Work to be completed —
Omitting all pictures, retype the entries below exactly as given.

Saved entries
BEGIN

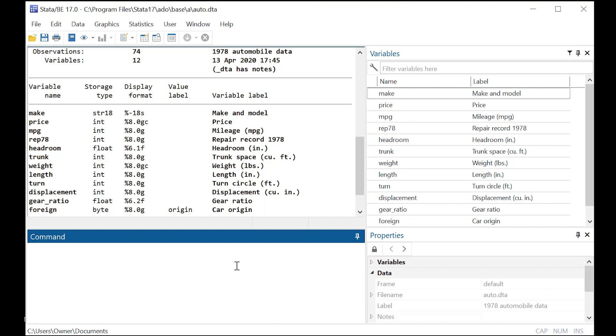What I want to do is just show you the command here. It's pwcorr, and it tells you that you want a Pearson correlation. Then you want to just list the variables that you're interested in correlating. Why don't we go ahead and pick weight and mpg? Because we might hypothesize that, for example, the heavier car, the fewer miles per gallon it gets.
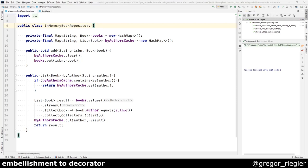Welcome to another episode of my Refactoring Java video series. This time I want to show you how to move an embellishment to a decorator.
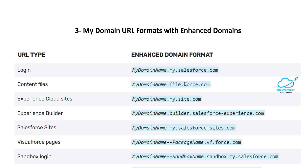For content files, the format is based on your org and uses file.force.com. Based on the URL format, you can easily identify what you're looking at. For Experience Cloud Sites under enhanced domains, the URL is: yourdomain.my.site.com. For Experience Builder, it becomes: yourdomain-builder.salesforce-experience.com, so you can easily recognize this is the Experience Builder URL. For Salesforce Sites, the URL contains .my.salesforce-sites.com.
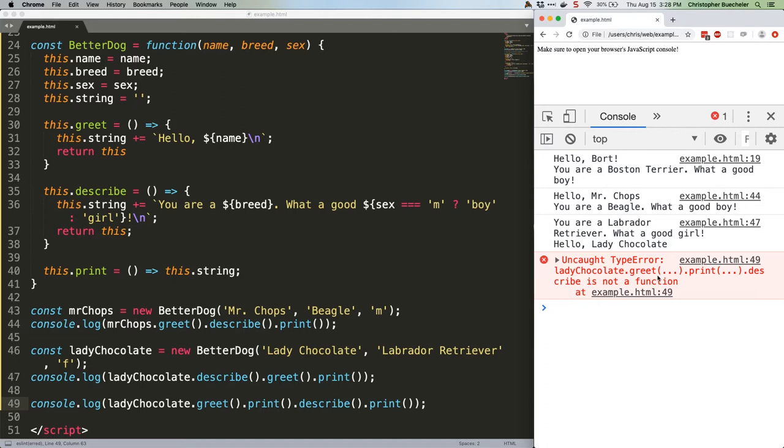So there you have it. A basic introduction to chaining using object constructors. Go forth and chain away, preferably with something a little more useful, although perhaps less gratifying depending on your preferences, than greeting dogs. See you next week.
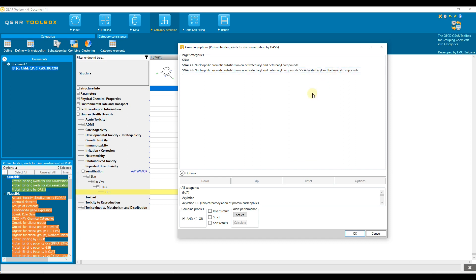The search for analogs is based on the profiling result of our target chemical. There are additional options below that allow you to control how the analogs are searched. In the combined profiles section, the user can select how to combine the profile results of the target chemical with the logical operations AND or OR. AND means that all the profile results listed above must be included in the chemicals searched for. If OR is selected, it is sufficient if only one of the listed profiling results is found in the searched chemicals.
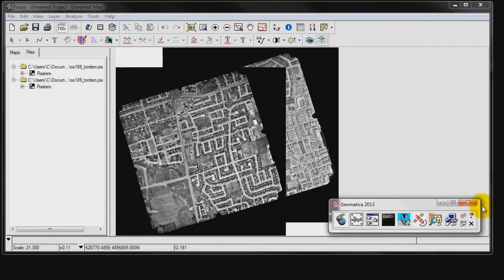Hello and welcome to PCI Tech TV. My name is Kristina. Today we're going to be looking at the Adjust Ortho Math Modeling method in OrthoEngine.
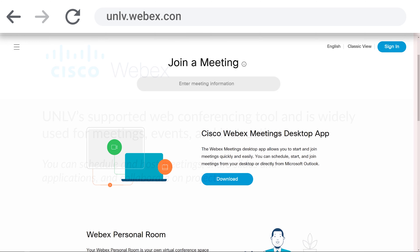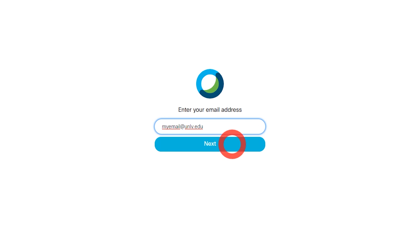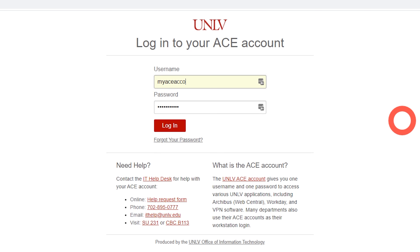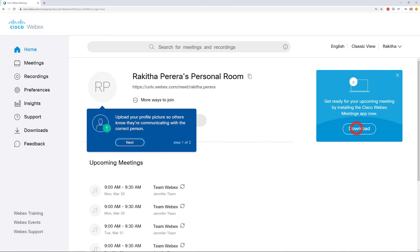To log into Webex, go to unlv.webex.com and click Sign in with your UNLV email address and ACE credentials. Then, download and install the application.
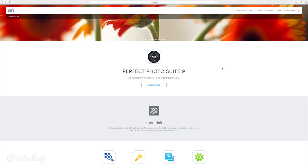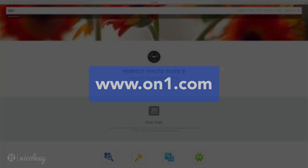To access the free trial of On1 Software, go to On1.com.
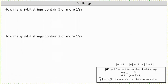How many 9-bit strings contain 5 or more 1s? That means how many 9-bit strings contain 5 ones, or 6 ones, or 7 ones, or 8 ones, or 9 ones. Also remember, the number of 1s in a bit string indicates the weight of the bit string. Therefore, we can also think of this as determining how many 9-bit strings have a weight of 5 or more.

END

Task output —
What I want to do is just show you the command here. It's pwcorr, and it tells you that you want a Pearson correlation. Then you want to just list the variables that you're interested in correlating. Why don't we go ahead and pick weight and mpg? Because we might hypothesize that, for example, the heavier car, the fewer miles per gallon it gets.
Welcome to another episode of my Refactoring Java video series. This time I want to show you how to move an embellishment to a decorator.
For content files, the format is based on your org and uses file.force.com. Based on the URL format, you can easily identify what you're looking at. For Experience Cloud Sites under enhanced domains, the URL is: yourdomain.my.site.com. For Experience Builder, it becomes: yourdomain-builder.salesforce-experience.com, so you can easily recognize this is the Experience Builder URL. For Salesforce Sites, the URL contains .my.salesforce-sites.com.
So there you have it. A basic introduction to chaining using object constructors. Go forth and chain away, preferably with something a little more useful, although perhaps less gratifying depending on your preferences, than greeting dogs. See you next week.
The search for analogs is based on the profiling result of our target chemical. There are additional options below that allow you to control how the analogs are searched. In the combined profiles section, the user can select how to combine the profile results of the target chemical with the logical operations AND or OR. AND means that all the profile results listed above must be included in the chemicals searched for. If OR is selected, it is sufficient if only one of the listed profiling results is found in the searched chemicals.
Hello and welcome to PCI Tech TV. My name is Kristina. Today we're going to be looking at the Adjust Ortho Math Modeling method in OrthoEngine.
To log into Webex, go to unlv.webex.com and click Sign in with your UNLV email address and ACE credentials. Then, download and install the application.
To access the free trial of On1 Software, go to On1.com.
How many 9-bit strings contain 5 or more 1s? That means how many 9-bit strings contain 5 ones, or 6 ones, or 7 ones, or 8 ones, or 9 ones. Also remember, the number of 1s in a bit string indicates the weight of the bit string. Therefore, we can also think of this as determining how many 9-bit strings have a weight of 5 or more.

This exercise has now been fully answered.